Exercise requirements: Output the lines of the records from the one containing "Redresor acumulator auto" through the last, both ends included. Leave pictures out.

[Record extracts]

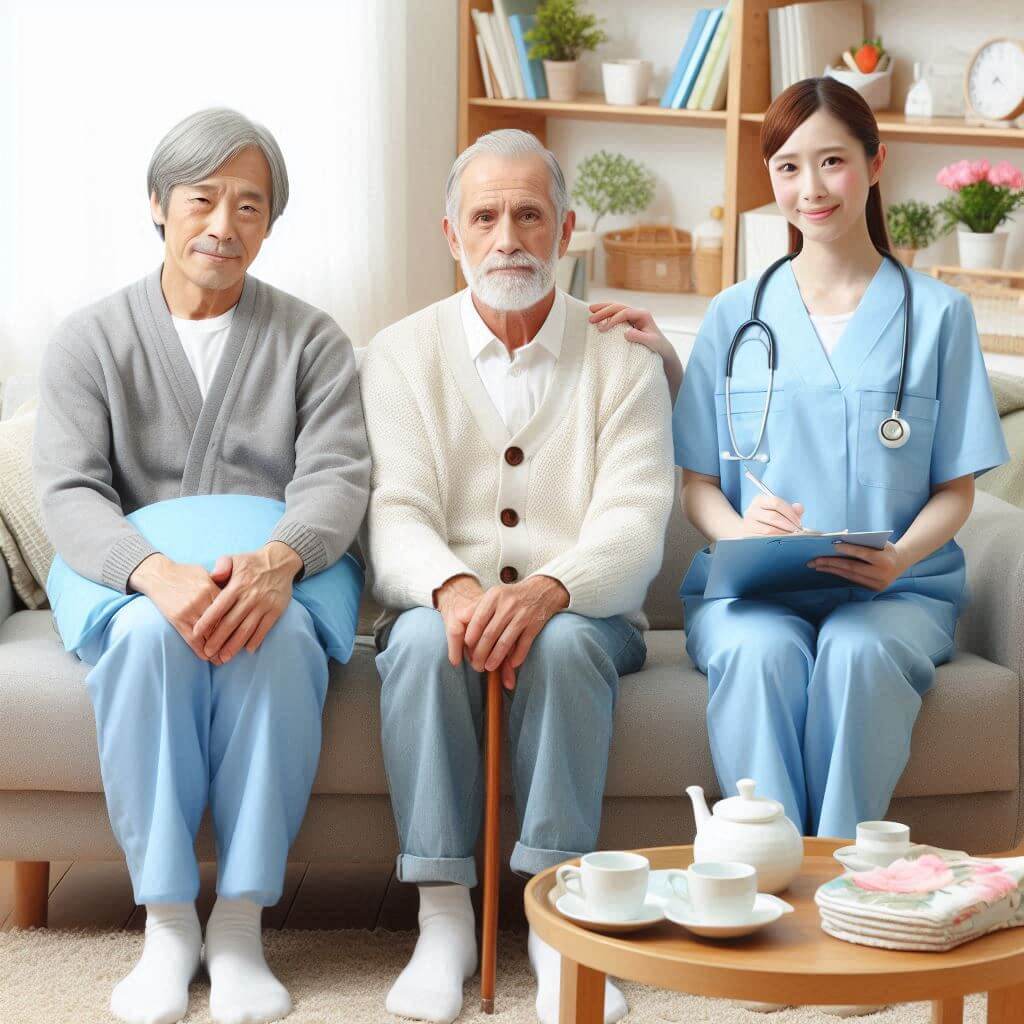 하루 5시간, 5~60대 맞춤형 정부 일자리 복지정책!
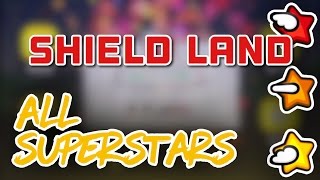 Flappy Golf 2  Shield Land  All Holes Superstar [upl. by Bremer]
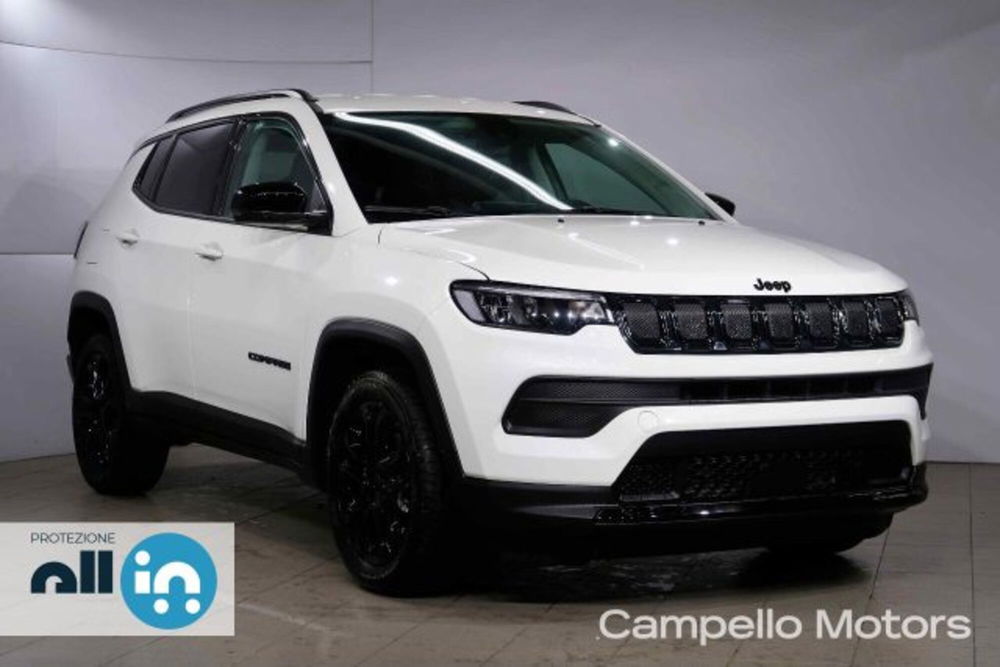 Jeep Compass nuova a Venezia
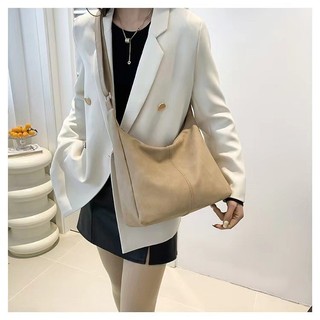 Túi đeo vai đơn giản chắp vá thời trang mới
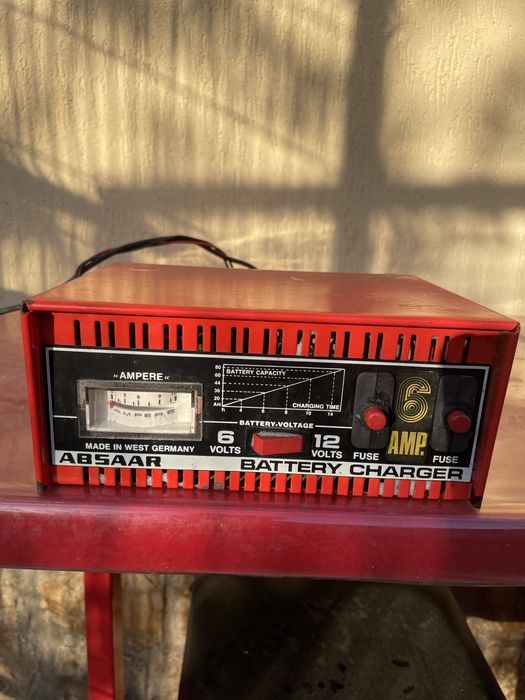 Redresor acumulator auto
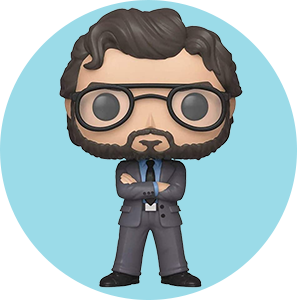 funko pop la casa de papel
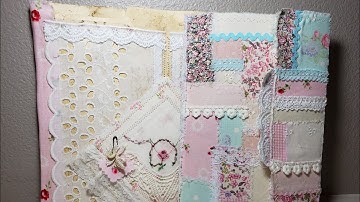 Working on My 1891 Altered File Folder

[/Record extracts]

Reply:
 Redresor acumulator auto
 funko pop la casa de papel
 Working on My 1891 Altered File Folder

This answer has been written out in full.